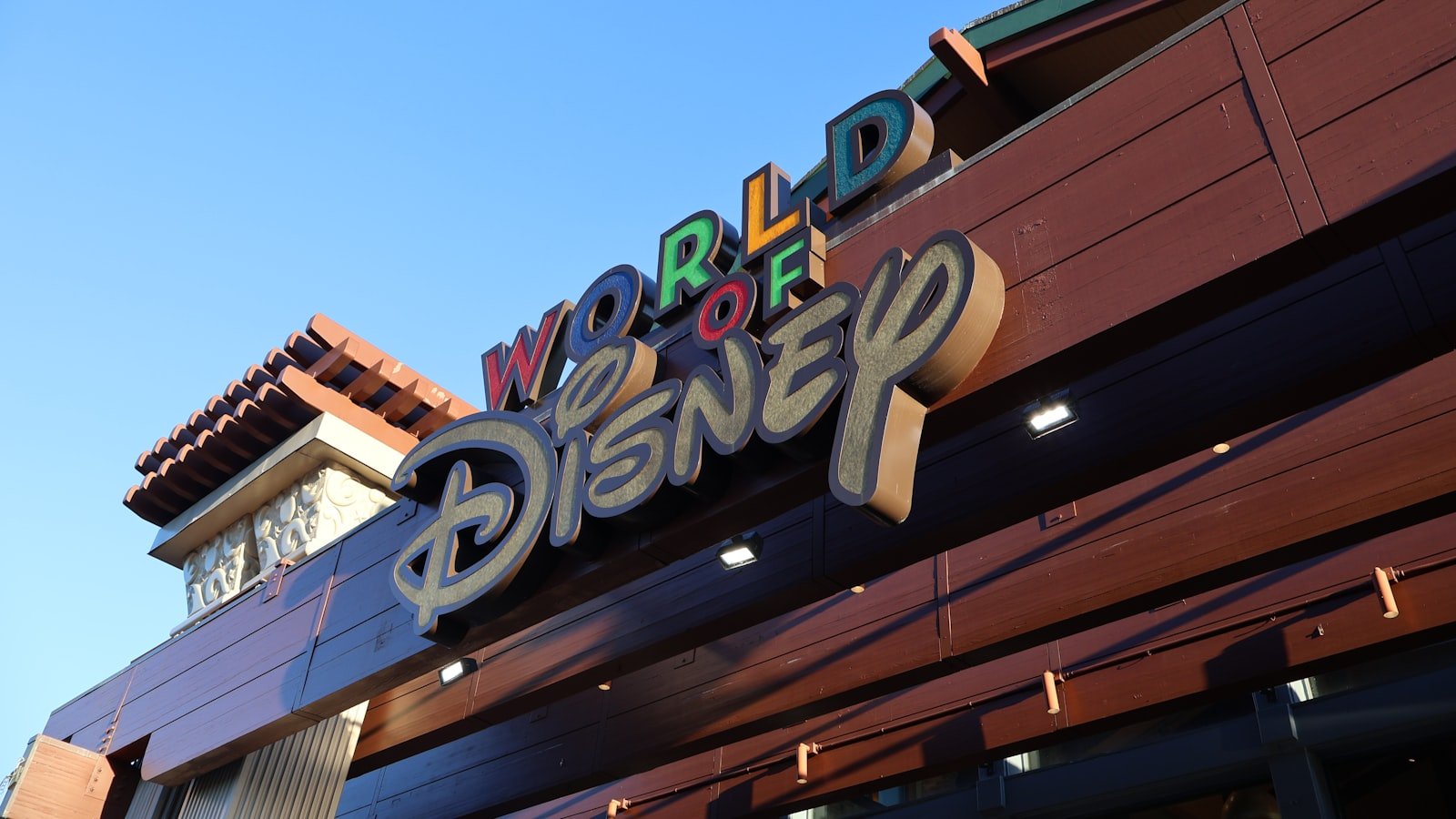 World of Disney store sign at Disney Springs against a clear blue sky
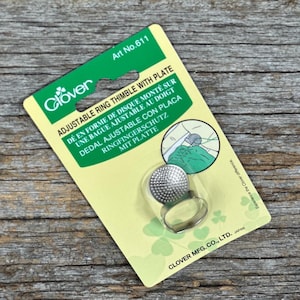 Könnte beinhalten: Ein Clover Ringfingerhut mit Platte, verpackt auf einer gelb-grünen Karte. Der Fingerhut ist silberfarben und hat eine strukturierte Oberfläche. Die Verpackung enthält Text in mehreren Sprachen.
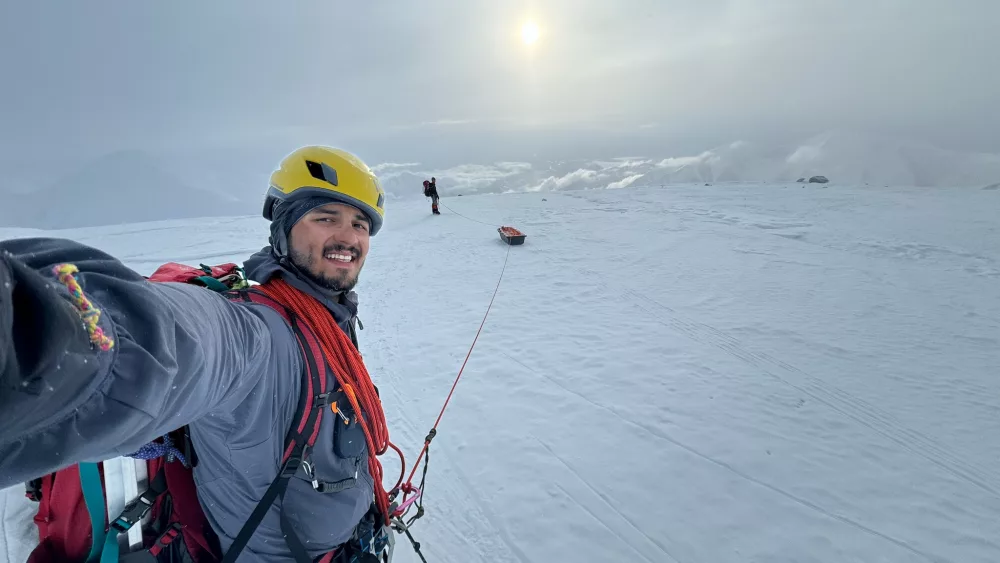 Roger Jaramillo walks on crampons while roped to a sled and his partner Matthew Crisafi-Lurtsema. The pair climbed Denali and sampled microplastics along their route in June, 2024. Photo by Roger Jaramillo.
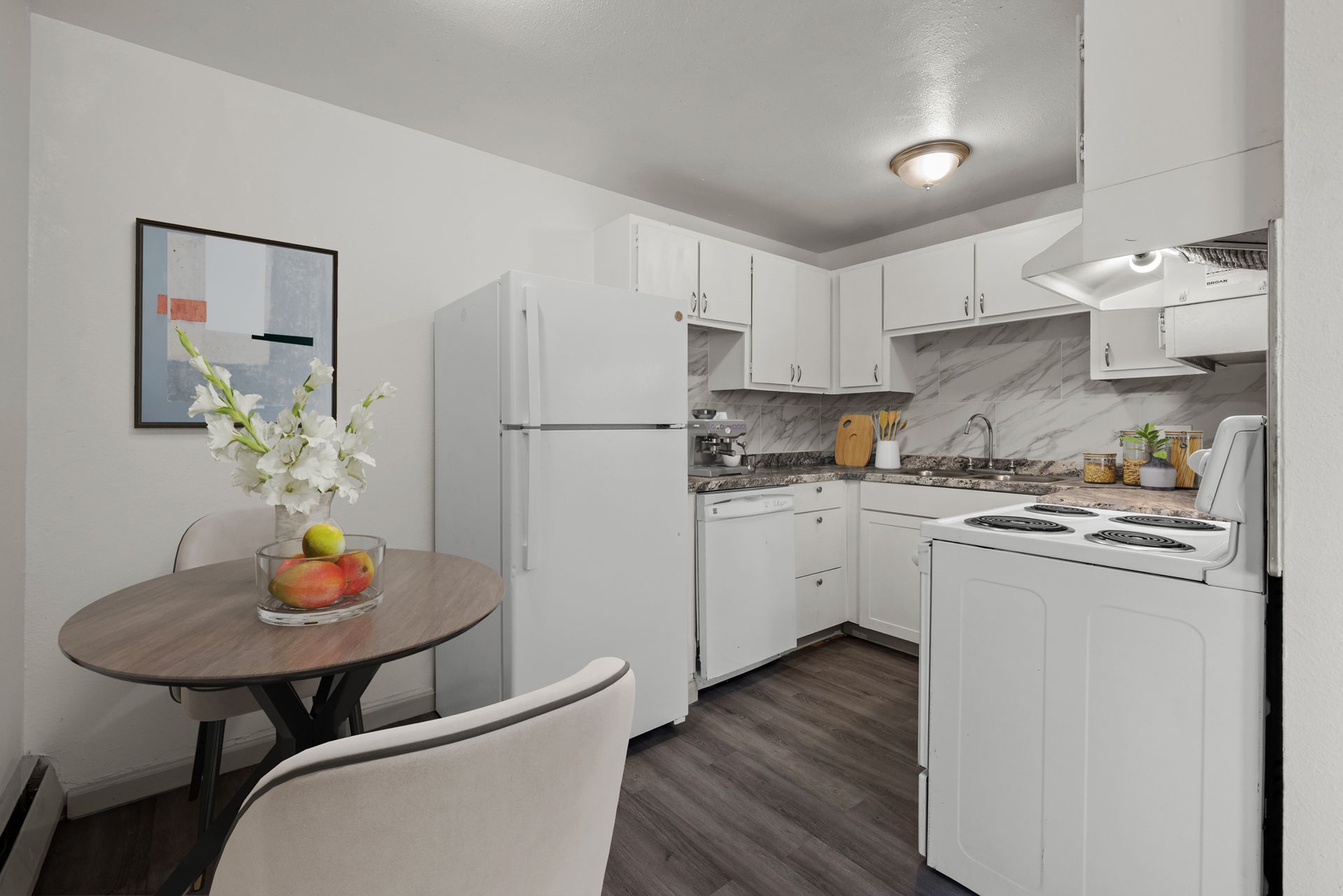 Photo showing a kitchen with a small dining area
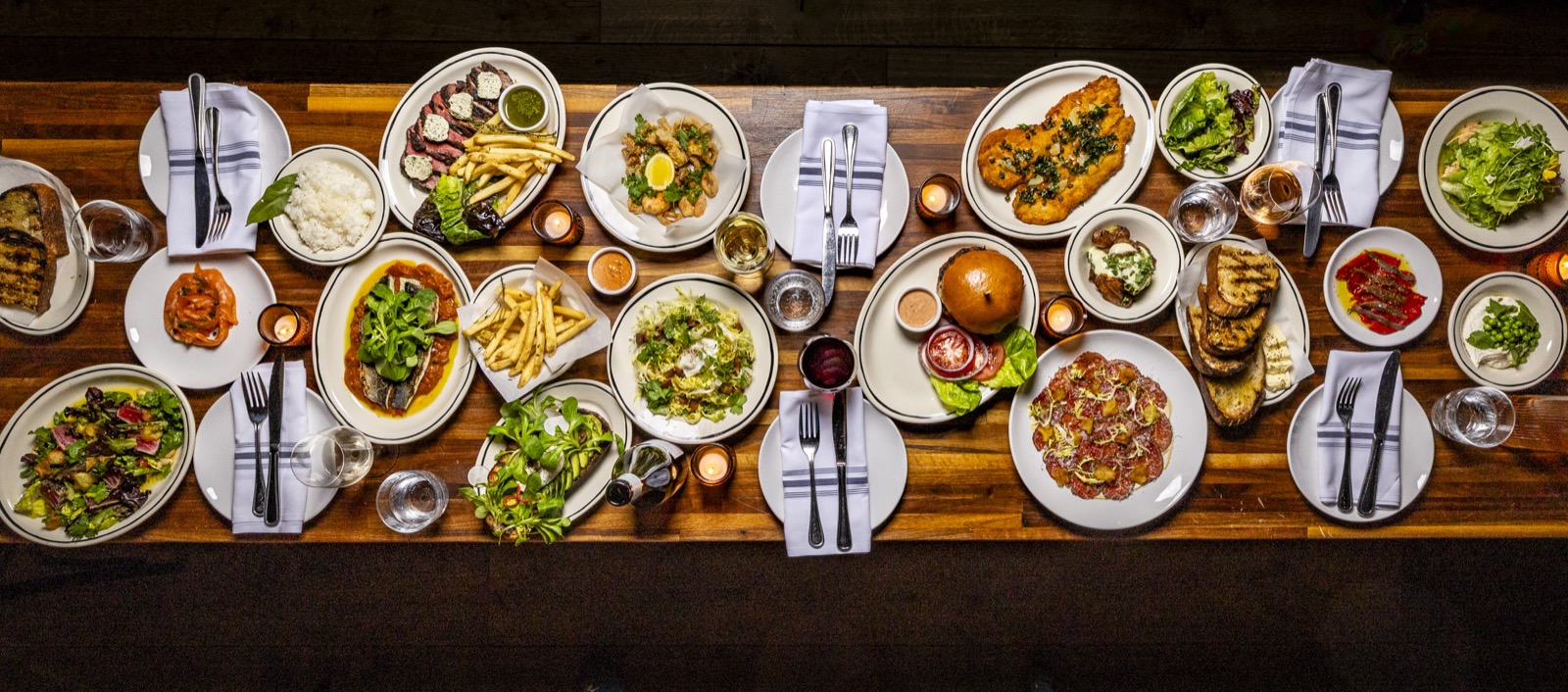 A long table set with dishes at Café Fleuri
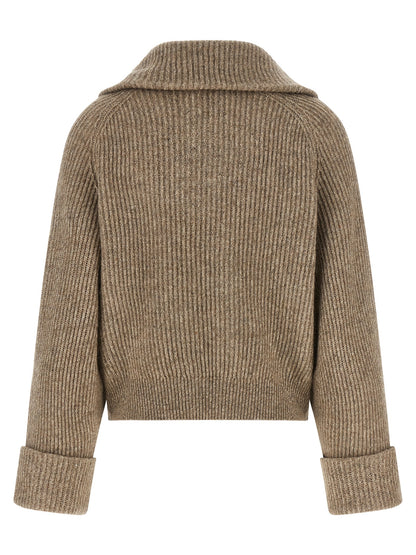 Cardigan by Brunello Cucinelli for women in polyamide cashmere & leather beige presents a textural silhouette, artfully finished with a textural wrap neckline and for a sophisticated, textural look.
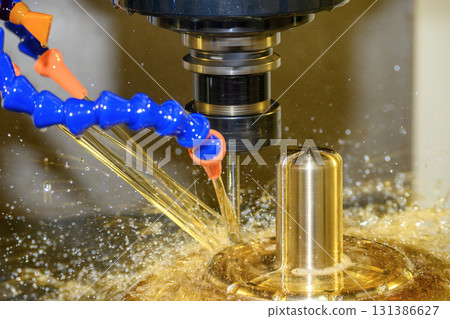 Close up scene the CNC milling machine finishing cut the brass shell mold parts with oil coolant method. Close up scene the CNC milling machine finishing cut the brass shell mold parts with oil coolant method. 131386627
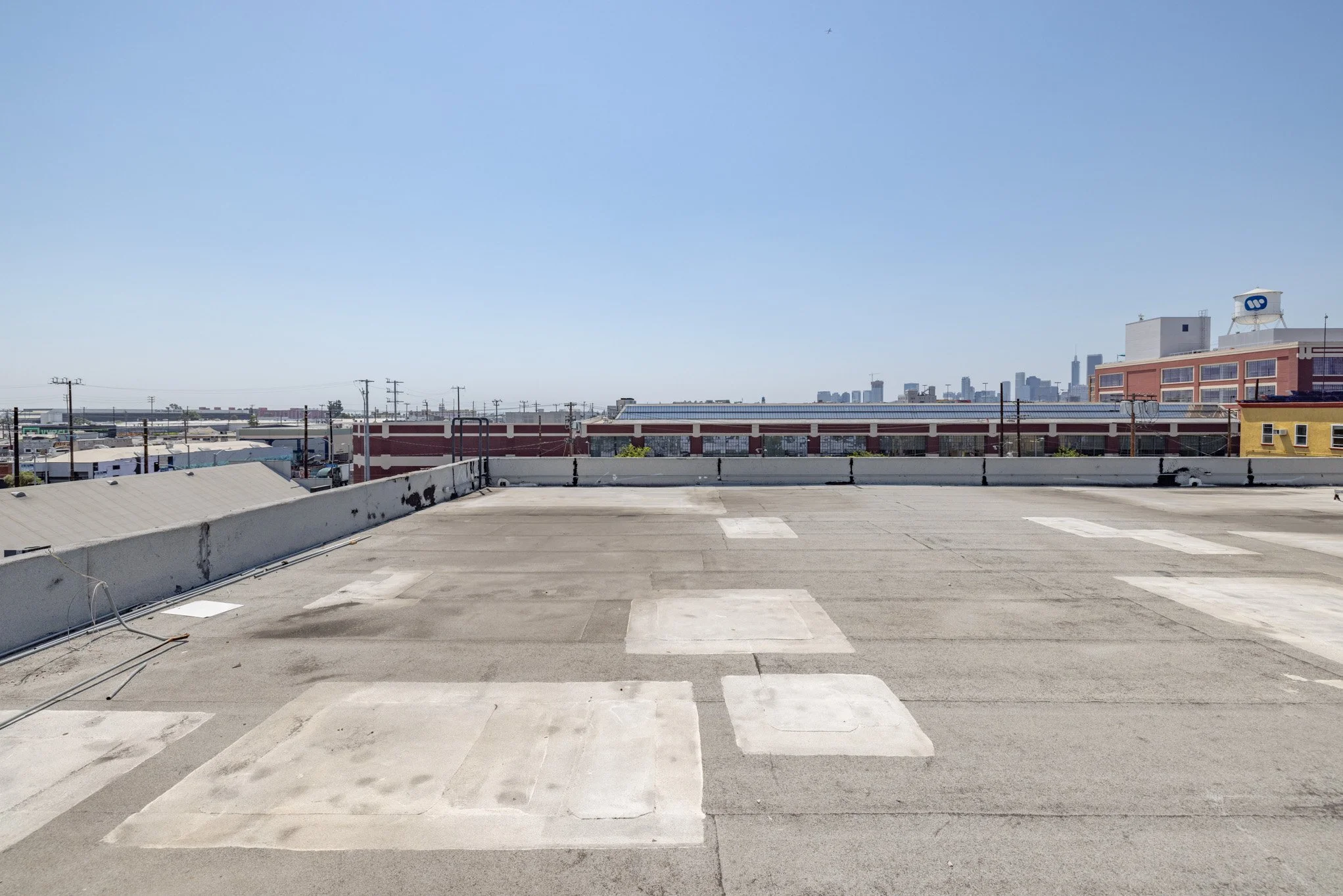Empty rooftop parking lot with city skyline in the distance under a clear blue sky.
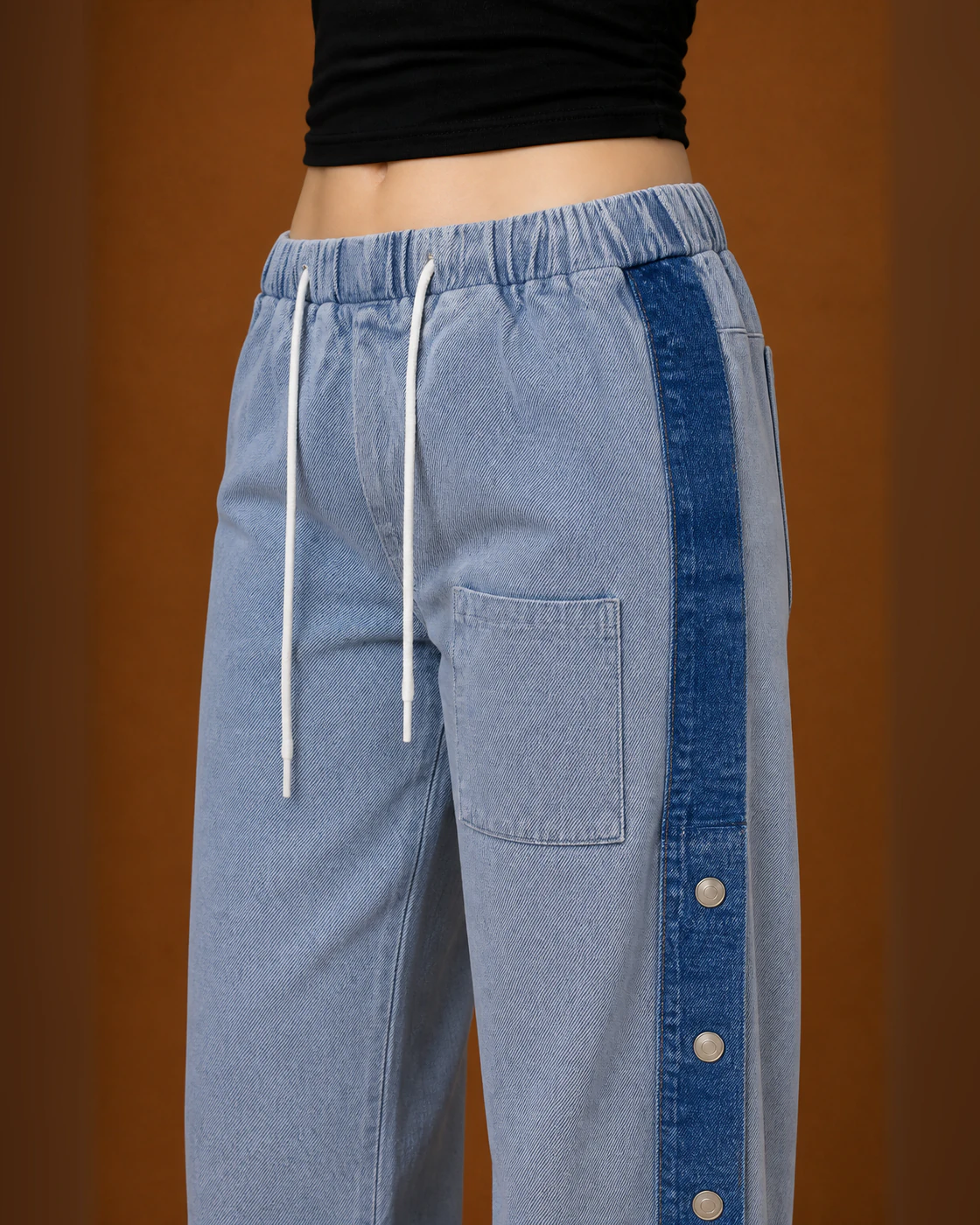 Black Cropped Tee and Light-Wash Snap-Panel Trousers Set · fabric detail.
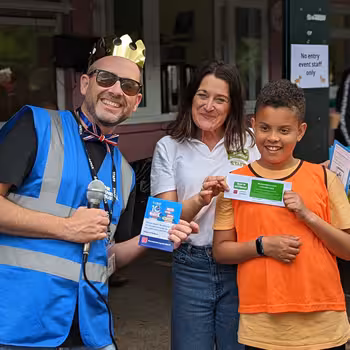 Three people at a fundraising event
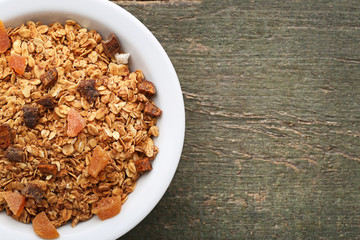 Tasty granola in plate on grey wooden table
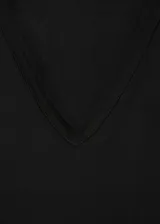 Camiseta negra de manga corta, con cuello en V y diseño recto de tejido fluido.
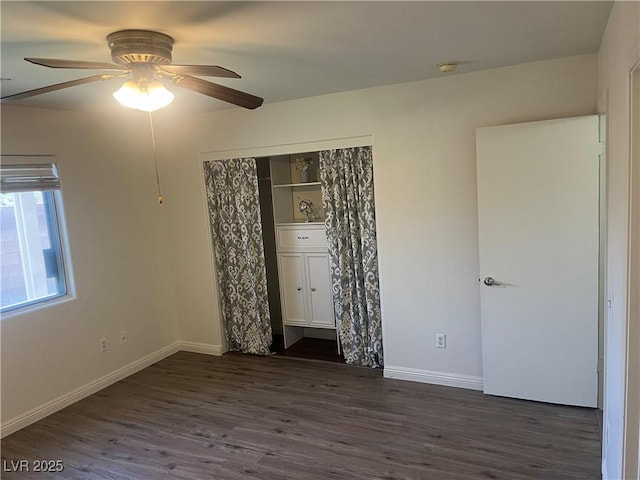 unfurnished bedroom featuring baseboards, a ceiling fan, dark wood-style floors, and a closet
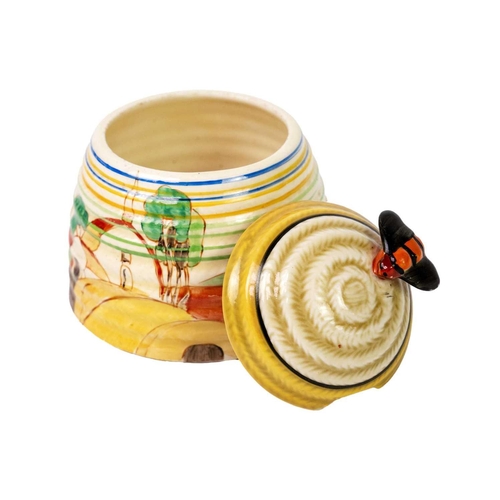 207 - An unusual Clarice Cliff Orange Cottage Roof pattern beehive honeypot. Also with banded decoration, ... 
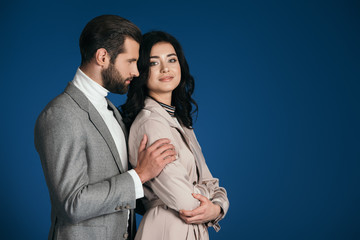 boyfriend hugging girlfriend isolated on blue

################

**Exercise directions**
The answer should be an exact restatement of every entry, with the pictures omitted.

**Answer below**
 World of Disney store sign at Disney Springs against a clear blue sky
 Könnte beinhalten: Ein Clover Ringfingerhut mit Platte, verpackt auf einer gelb-grünen Karte. Der Fingerhut ist silberfarben und hat eine strukturierte Oberfläche. Die Verpackung enthält Text in mehreren Sprachen.
 Roger Jaramillo walks on crampons while roped to a sled and his partner Matthew Crisafi-Lurtsema. The pair climbed Denali and sampled microplastics along their route in June, 2024. Photo by Roger Jaramillo.
 Photo showing a kitchen with a small dining area
 A long table set with dishes at Café Fleuri
 Cardigan by Brunello Cucinelli for women in polyamide cashmere & leather beige presents a textural silhouette, artfully finished with a textural wrap neckline and for a sophisticated, textural look.
 Close up scene the CNC milling machine finishing cut the brass shell mold parts with oil coolant method. Close up scene the CNC milling machine finishing cut the brass shell mold parts with oil coolant method. 131386627
Empty rooftop parking lot with city skyline in the distance under a clear blue sky.
 Black Cropped Tee and Light-Wash Snap-Panel Trousers Set · fabric detail.
 Three people at a fundraising event
 Tasty granola in plate on grey wooden table
 Camiseta negra de manga corta, con cuello en V y diseño recto de tejido fluido.
 unfurnished bedroom featuring baseboards, a ceiling fan, dark wood-style floors, and a closet
 207 - An unusual Clarice Cliff Orange Cottage Roof pattern beehive honeypot. Also with banded decoration, ... 
 boyfriend hugging girlfriend isolated on blue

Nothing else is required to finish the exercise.